Over the years, Russian propaganda simultaneously denigrated the EU, predicting its imminent demise and promoted the hypothetical idea of a “Great Europe” (“from Lisbon to Vladivostok”). They claimed that Russia's accession to the European Union would give it new strength. The Europe Plus Russia alliance could become a true world superpower, the only power in the world capable of competing with the United States. Russia was actively promoting this idea through its "proxies" across Europe.

The Kremlin made every effort to get the UK to withdraw from the European Union. It did nothing to hide its joy when this finally happened. The pro-Russian Croatian newspaper Advance, among others, wrote that Russia could take the vacant seat.

This may be indeed in line with the Kremlin's secret dream. This may also be a useful lens to look at the statement made just a week ago by Putin’s press secretary Peskov: “The Anglo-Saxons, of course, are really boosting tensions on the European continent. That’s something for us, Europeans, to think about... And until we, Europeans, realize that it hurts us all, I don't think we can fix it.”

That is, Russia still does not seem to mind taking its place in Europe. But it does not want to be an equal among equals; it wants to dominate. Not only in Europe but also in the world.

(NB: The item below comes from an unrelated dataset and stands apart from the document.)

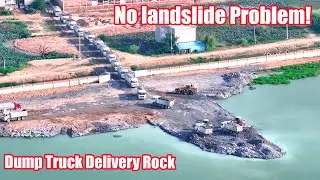 Part 270| No landslide Problem! Dump Truck Delivery Rock With Bulldozer & Wheel Loader Push Rocks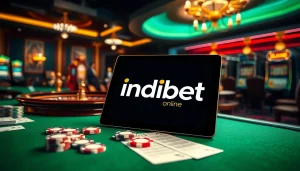 Indibet online betting interface with casino elements showcasing excitement and professionalism.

In scientific terms, this was called “proportional representation at the European table” and “historic British-Russian rivalry for world domination.” Criticizing the united Europe, Russia frequently claims that its father was allegedly Hitler (who, in turn, was an “Anglo-American invention,” of course).

In addition to the fact that the idea of a united Europe is hundreds of years older than Hitler, he did not "unite" but conquered it, creating the complete opposite of what Europeans dreamed of: a centralized empire with a dominant ethnic group for which Europe was only necessary “living space.” He started it with “protecting” Germans, the keepers of great culture and language, who allegedly suffered in Czechia and Poland because they had to study some “inferior” languages.

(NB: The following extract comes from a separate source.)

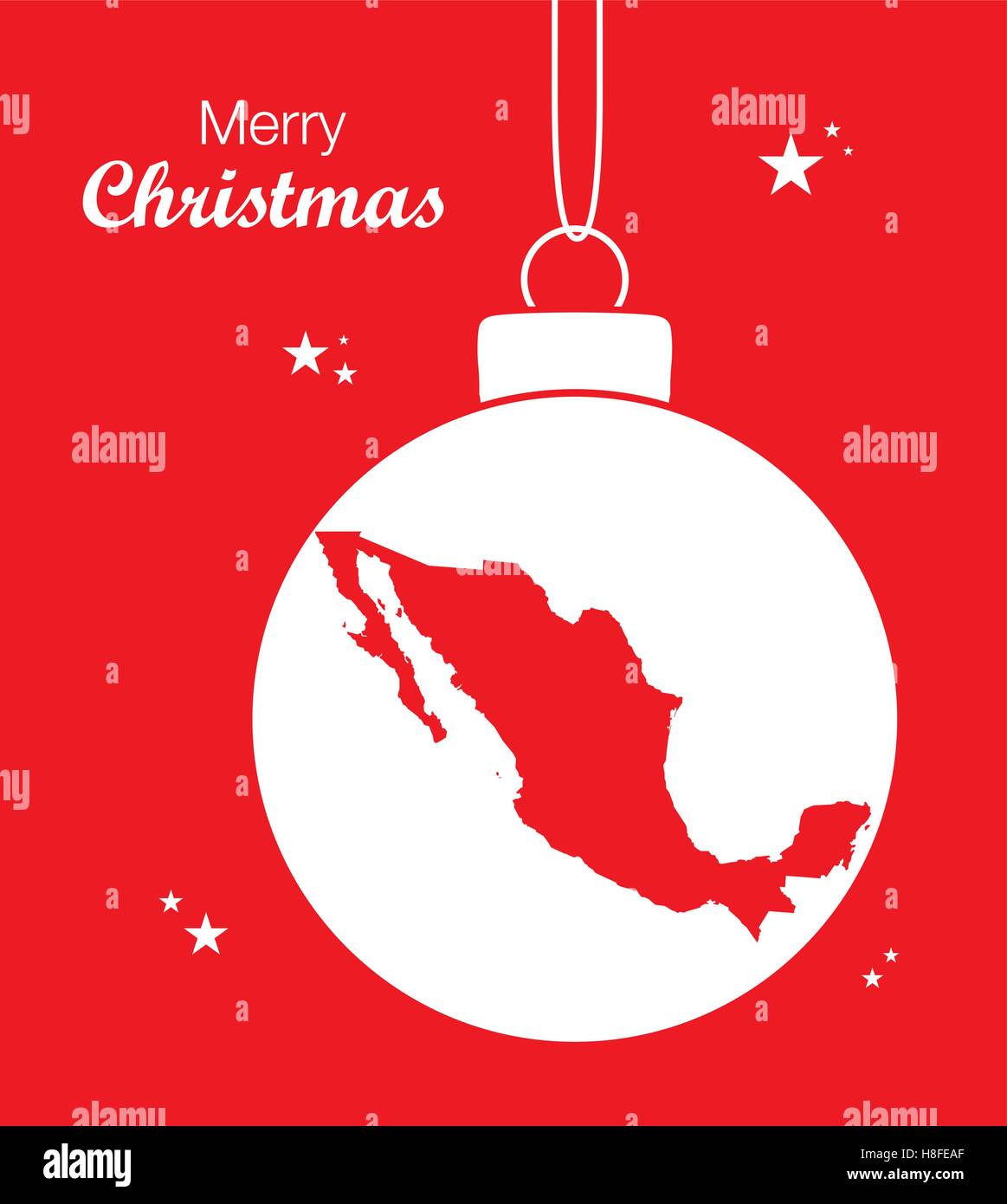 Merry Christmas Map Mexico Stock Vector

If we recall his well-known envy of the Anglo-Saxons, mixed with hatred, contempt for the Americans as a "rootless" nation incapable of high culture, and respect for their economic power at the same time, the resulting image seems almost identical to that of the "Russian world."

Back in 2004, Eurozine noted that in Russian political discourse, there is a certain opposition of Europe and the West (USA, NATO), where the West is portrayed as a destructive entity of sorts which is constantly trying to undermine the balance in Europe, while Europe is a passive, suffering entity, an arena of political and military struggle. It is deprived of its own agency, the only question is who will govern it.

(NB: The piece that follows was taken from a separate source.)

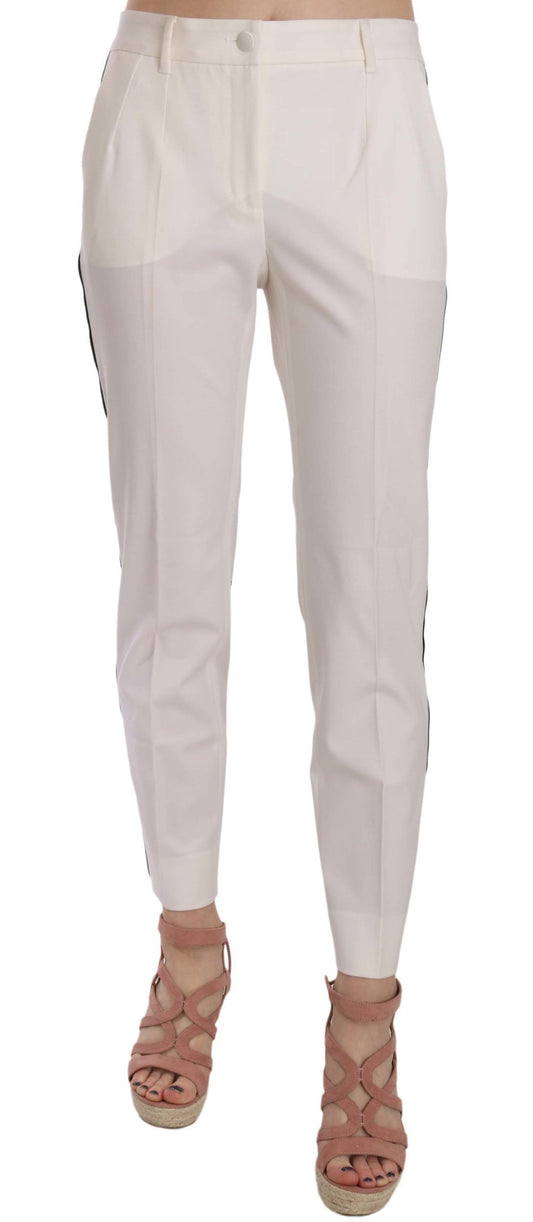 Elegante witte gestreepte wollen taps toelopende broek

According to Vladislav Surkov, a long-time apologist and grey cardinal of the Kremlin, “Russia will get its share in the new global gathering of land (or rather space), confirming its status of one of the few globalizers, as it happened in the times of the Third Rome or the Third International. Russia will expand not because it is good, but because this is physics.”

The original version of absolute values

What really happened in the above-mentioned period between 2000 and 2004, if no one "insulted" Russia?

As oil prices continued to climb, Russia's political elite was becoming more confident. The nuclear factor was now strengthened by the component of raw materials. This allowed Russia to get a sense of its own grandeur and self-sufficiency. It was then that the Russian political class turned back to authoritarianism and the old great-power ideology, that is, the form of personalist power that is natural and familiar to Russia.

The infamous arrogant question, "Who are you to f***ing lecture me?” in the spirit of new Russian diplomacy, was addressed by the Russian Foreign Minister to the British Foreign Secretary later, in 2008. This was the first statement, but far from the first thought. Shortly after Putin came to power in Russia, the attitude was that Russia had nothing to learn from the West, if anything, the West was supposed to learn from it instead.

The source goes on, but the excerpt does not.